[DATA EXTRACT — start]

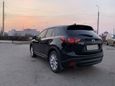 SUV   Mazda CX-5 2014 , 1265000 , 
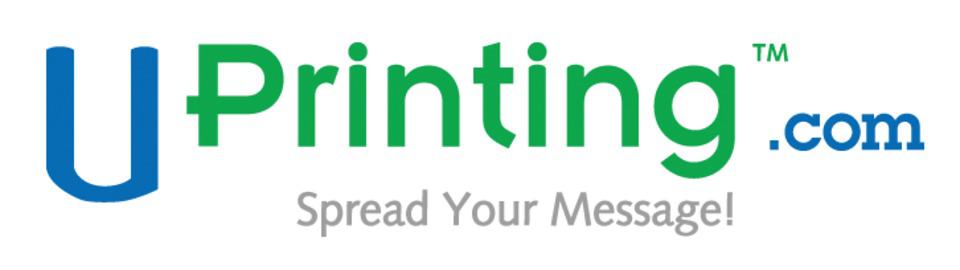 restaurant menu printing companies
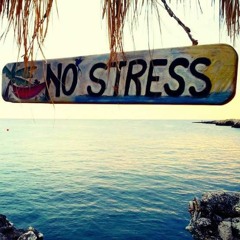 Nosstress 2021 Full Album Playlist Music.mp3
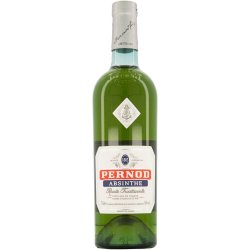Absinthe Pernod, 0.7 L, 68% Alcool, Bautura Traditionala Absinthe, Absint Pernod, Bautura Absint, Bautura Traditionala Frantuzeasca, Bautura cu Pelin, Bautura cu Anason, Bautura Aromatica, Bautura cu Mirodenii, Bautura Alcoolica Absinthe Pernod, 0.7 L, 68% Alcool, Bautura Traditionala Absinthe, Absint Pernod, Bautura Absint, Bautura Traditionala Frantuzeasca, Bautura cu Pelin, Bautura cu Anason, Bautura Aromatica, Bautura cu Mirodenii, Bautura Alcoolica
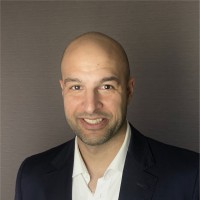 South East Melbourne Phoenix Employee Anoop Singh's profile photo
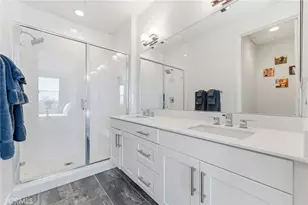 1650 Topanga Ave, Costa Mesa, CA 92627 - Photo 22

[DATA EXTRACT — finish]

* WHAT IS REQUIRED *
Exactly the lines from the line containing "Nosstress 2021 Full Album Playlist Music.mp3" to the end of the records need to be copied, both ends included, with pictures left out.

* REPLY *
 Nosstress 2021 Full Album Playlist Music.mp3
Absinthe Pernod, 0.7 L, 68% Alcool, Bautura Traditionala Absinthe, Absint Pernod, Bautura Absint, Bautura Traditionala Frantuzeasca, Bautura cu Pelin, Bautura cu Anason, Bautura Aromatica, Bautura cu Mirodenii, Bautura Alcoolica Absinthe Pernod, 0.7 L, 68% Alcool, Bautura Traditionala Absinthe, Absint Pernod, Bautura Absint, Bautura Traditionala Frantuzeasca, Bautura cu Pelin, Bautura cu Anason, Bautura Aromatica, Bautura cu Mirodenii, Bautura Alcoolica
 South East Melbourne Phoenix Employee Anoop Singh's profile photo
 1650 Topanga Ave, Costa Mesa, CA 92627 - Photo 22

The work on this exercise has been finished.